■ **What you are asked to do**: Work out how many lines in the data hold the string "Dark". Reply with only that number.

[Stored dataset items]
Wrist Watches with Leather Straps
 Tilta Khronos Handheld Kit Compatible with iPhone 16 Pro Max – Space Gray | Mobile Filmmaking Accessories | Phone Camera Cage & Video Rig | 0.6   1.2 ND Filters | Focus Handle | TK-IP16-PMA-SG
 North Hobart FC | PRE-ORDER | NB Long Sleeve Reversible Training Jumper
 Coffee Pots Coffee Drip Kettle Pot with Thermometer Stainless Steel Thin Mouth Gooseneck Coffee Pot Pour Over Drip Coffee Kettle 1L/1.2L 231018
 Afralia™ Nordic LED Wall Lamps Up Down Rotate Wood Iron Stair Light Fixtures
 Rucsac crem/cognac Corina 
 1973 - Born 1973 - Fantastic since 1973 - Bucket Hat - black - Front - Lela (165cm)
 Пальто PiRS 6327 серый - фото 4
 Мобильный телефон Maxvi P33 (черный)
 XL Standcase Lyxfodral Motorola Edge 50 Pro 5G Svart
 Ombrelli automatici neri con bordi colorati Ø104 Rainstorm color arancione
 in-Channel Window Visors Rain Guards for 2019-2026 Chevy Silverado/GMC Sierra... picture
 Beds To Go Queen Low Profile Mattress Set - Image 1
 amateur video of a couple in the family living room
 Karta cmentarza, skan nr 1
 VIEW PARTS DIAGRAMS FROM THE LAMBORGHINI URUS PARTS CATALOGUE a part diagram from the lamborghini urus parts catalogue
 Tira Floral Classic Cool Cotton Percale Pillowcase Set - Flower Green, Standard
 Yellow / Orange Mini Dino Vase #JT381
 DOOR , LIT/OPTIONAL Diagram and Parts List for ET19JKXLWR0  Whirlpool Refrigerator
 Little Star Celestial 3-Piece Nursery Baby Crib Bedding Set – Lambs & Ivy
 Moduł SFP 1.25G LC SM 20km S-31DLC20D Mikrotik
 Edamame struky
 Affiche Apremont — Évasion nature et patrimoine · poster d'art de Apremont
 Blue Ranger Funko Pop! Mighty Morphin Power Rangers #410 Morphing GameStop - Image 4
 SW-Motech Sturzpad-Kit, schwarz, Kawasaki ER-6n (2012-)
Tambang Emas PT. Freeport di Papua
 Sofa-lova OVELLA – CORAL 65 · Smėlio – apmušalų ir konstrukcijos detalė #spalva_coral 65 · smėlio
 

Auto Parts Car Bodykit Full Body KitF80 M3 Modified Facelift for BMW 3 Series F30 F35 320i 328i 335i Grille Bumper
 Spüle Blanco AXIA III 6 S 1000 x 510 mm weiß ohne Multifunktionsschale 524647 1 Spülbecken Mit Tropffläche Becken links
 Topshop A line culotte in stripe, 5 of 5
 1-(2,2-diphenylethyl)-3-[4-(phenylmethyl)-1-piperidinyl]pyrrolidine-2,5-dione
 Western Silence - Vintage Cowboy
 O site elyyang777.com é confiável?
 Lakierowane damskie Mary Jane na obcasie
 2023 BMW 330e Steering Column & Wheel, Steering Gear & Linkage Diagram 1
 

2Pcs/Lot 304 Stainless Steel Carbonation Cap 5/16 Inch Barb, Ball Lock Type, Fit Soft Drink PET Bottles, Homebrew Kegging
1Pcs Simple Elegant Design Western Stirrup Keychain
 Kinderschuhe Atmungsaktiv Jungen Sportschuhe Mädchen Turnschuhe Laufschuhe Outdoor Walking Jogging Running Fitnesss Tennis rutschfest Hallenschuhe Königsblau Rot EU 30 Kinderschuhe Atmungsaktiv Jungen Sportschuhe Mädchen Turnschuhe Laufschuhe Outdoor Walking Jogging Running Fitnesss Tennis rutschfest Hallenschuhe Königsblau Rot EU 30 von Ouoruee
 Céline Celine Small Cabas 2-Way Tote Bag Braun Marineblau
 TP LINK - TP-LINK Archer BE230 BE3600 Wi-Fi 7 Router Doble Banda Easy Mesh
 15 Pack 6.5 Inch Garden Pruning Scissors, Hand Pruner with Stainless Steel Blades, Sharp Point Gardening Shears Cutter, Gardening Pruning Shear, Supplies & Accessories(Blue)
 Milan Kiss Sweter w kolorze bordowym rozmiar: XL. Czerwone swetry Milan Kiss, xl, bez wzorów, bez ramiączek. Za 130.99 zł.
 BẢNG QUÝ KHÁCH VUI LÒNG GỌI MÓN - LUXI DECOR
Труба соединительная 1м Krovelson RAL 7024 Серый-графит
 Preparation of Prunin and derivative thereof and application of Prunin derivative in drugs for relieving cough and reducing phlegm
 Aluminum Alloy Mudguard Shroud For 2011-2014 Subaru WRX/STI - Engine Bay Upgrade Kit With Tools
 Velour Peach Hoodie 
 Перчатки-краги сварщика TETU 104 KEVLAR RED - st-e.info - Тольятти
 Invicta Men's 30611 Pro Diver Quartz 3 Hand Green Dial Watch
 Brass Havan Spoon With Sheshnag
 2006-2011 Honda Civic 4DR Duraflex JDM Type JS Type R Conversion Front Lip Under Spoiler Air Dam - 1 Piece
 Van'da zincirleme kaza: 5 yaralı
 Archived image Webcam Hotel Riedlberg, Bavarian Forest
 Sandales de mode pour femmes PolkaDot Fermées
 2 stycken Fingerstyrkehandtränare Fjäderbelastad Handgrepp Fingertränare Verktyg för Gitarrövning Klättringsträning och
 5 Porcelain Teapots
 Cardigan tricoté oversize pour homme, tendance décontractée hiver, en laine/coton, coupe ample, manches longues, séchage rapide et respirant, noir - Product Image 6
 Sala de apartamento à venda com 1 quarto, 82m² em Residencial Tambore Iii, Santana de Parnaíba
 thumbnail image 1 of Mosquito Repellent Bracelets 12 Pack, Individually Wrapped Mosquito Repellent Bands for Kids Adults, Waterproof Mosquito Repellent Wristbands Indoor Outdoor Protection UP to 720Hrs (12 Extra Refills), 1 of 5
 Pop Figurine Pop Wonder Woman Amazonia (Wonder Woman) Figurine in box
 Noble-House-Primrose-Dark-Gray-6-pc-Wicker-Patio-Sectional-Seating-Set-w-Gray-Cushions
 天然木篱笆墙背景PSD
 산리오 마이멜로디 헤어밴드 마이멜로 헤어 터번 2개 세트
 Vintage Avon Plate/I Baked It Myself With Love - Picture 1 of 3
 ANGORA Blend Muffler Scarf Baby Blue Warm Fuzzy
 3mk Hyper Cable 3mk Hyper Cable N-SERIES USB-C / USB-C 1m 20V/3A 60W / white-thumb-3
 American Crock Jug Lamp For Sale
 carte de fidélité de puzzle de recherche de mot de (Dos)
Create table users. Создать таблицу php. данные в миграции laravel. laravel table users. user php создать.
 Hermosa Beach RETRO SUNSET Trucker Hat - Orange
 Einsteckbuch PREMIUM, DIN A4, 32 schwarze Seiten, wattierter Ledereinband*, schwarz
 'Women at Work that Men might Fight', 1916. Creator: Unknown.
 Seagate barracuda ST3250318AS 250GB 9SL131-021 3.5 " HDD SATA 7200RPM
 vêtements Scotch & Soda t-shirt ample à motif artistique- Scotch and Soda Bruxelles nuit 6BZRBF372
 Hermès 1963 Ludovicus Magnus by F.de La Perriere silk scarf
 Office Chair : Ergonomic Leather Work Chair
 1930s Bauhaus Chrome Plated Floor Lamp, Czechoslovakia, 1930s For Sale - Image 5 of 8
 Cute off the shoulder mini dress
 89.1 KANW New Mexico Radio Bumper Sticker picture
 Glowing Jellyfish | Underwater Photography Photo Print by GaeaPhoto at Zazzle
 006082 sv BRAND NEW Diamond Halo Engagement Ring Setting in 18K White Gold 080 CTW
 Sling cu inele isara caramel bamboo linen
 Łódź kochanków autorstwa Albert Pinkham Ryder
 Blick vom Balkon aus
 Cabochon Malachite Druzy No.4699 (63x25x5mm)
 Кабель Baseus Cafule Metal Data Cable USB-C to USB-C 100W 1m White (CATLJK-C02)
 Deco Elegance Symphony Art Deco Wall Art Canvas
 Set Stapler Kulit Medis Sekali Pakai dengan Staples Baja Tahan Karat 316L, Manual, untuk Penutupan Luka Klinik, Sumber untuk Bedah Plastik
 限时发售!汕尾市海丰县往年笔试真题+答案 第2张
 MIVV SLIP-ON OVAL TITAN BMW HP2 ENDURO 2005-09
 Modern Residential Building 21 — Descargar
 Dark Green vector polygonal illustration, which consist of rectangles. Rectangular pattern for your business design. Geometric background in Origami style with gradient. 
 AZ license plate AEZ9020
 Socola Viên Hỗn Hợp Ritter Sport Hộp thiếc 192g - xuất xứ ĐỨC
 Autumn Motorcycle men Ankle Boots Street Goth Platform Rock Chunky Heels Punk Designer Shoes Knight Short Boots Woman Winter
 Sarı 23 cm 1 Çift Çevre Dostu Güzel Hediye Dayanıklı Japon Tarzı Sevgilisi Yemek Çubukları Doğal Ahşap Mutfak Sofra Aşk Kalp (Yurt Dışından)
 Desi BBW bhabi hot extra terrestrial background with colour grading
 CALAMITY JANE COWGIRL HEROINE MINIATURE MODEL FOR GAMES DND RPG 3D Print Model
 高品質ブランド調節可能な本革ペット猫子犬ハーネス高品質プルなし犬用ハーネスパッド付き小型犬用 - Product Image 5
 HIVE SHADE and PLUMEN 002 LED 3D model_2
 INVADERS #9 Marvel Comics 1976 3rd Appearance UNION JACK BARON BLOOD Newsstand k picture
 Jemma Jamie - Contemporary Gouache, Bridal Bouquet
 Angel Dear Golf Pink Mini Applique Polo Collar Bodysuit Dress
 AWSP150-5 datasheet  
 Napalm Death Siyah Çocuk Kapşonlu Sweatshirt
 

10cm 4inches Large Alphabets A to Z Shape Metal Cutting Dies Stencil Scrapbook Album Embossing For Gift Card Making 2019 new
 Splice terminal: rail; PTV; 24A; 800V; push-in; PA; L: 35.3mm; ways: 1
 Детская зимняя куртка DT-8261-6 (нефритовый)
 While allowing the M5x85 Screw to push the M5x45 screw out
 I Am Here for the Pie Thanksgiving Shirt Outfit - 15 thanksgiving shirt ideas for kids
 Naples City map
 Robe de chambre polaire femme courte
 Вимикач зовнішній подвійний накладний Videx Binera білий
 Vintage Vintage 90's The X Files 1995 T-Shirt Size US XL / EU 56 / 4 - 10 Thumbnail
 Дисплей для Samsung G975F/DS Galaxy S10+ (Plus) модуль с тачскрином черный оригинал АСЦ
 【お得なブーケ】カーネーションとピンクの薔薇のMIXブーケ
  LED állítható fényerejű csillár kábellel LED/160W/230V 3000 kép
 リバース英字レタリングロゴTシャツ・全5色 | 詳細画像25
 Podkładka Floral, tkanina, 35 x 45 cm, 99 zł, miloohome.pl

■ **Output of the exercise**: 2